See it if you liked: Fargo, Spring Breakers, Outrageous Fortune
The Way, Way Back (12A, 103 mins)
Directors: Nat Faxon, Jim Rash
Awkward teen Duncan (Liam James) is unhappy when he's forced to spend the summer at a holiday home with his mother (Toni Collette) and her new boyfriend (Steve Carell).
It's nice to see Carell playing against type as an unpleasant sort who harangues Duncan, who starts hanging around a water park to get away from the house.
That's when this gentle coming-of-age really comes alive, with the park run by Sam Rockwell's Owen, a slacker with a heart who takes Duncan under his wing. Rockwell knocks it out the park, with stream-of-nonsense dialogue that's an absolute scream, and he joins the annals of great fast-talking wiseasses, many of them played by Bill Murray.
There's an infectious sense of fun to counteract the moroseness that makes it tough to initially warm to Duncan and, truth be told, James is a little on the dull side. But with people of the calibre of Carell and Rockwell around to do the heavy lifting, that isn't too much of a problem.
See it if you liked: Adventureland, Little Miss Sunshine
You're Next (18, 95 mins)
Director: Adam Wingard
When the grown up children of a rich patriarch and their respective partners gather at the family home for an anniversary party, it's not long before they're being attacked by masked intruders.
There are a good number of gruesome kills to please gore fans as they start to get picked off, but there's little effort to develop tension beyond some tired "boo" moments, and for the most part this is a fairly generic home invasion horror, packed with desperately stupid people that roadmaps its revelations within minutes of starting.
And yet for all its idiocy, it almost threatens to develop into something interesting in the final third, with stabs at dark humour that are out of place with what's come before. If that slightly dafter tone had been present from the start, or the laughs fully committed to, there could have been something here, something like a condensed version of Harper's Island. As it stands, it's a missed opportunity.
See it if you liked: The Strangers, Last House on the Left, The Purge
One Direction: This Is Us (PG, 92 mins)
Director: Morgan Spurlock
As long as you disregard the concert footage and accept the notion that this is music that couldn't really get any worse, then this profile of overnight-sensation boyband One Direction is really quite engaging.
The main thing to note is how well they come across, a bunch of cheeky, decent lads having some fun ever since Simon Cowell moulded them from five X Factor rejects into the biggest band in the world, a phenomenon perhaps not seen since The Beatles.
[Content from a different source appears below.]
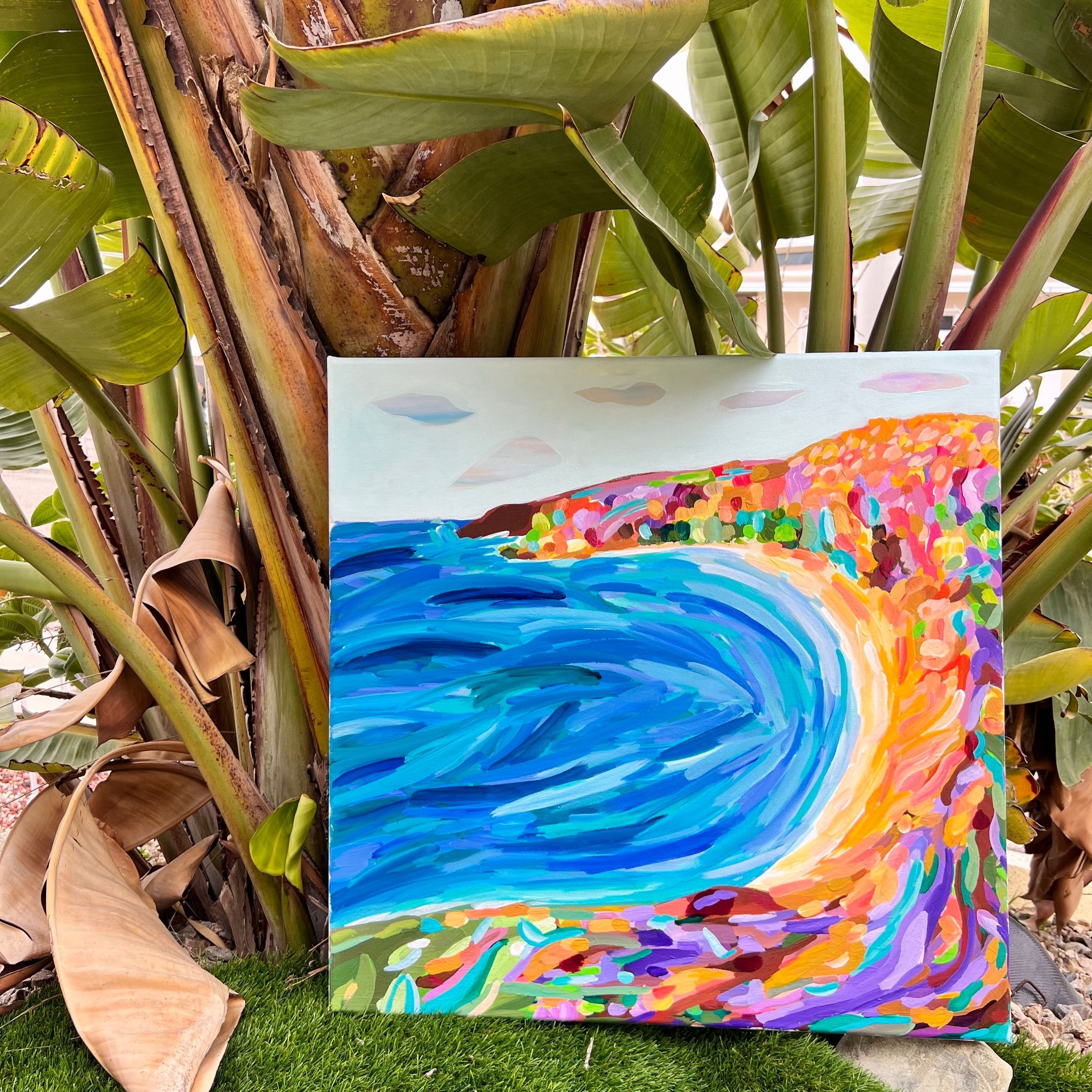Down By the Bay - sold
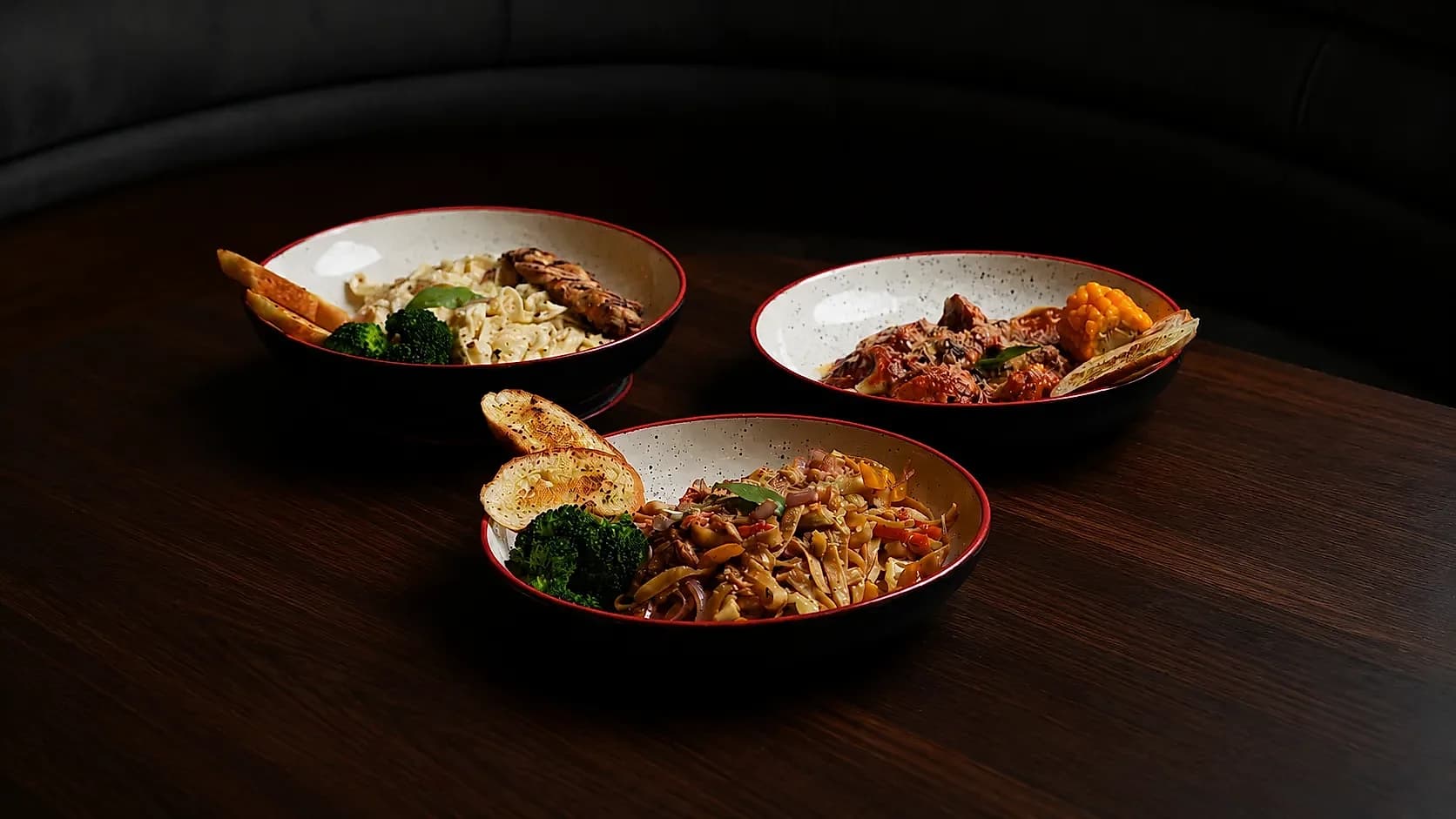 Every Great Pasta Starts With Better Ingredients restaurant story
We follow them on their worldwide tour, focussing on the heartfelt devotion of the fans, and their sincere gratitude for it, noting that they're constantly on the road and working incredibly hard, at the same time as they're little more than wee boys whose mammies miss them.
Sure it's a whitewash, with Cowell no doubt supervising every frame to ensure there's no suggestion that they drink or swear or stay up past 10.30.
But it's got a sense of humour, wheeling out a neuroscientist to explain about the dopamine and the affect this has on the hyperventilating throngs of teenage girls who follow them.
What's of even more interest is the unprecedented amounts of money that facilitates - this may be music that makes Take That look like Led Zeppelin, but that's very far indeed from the point.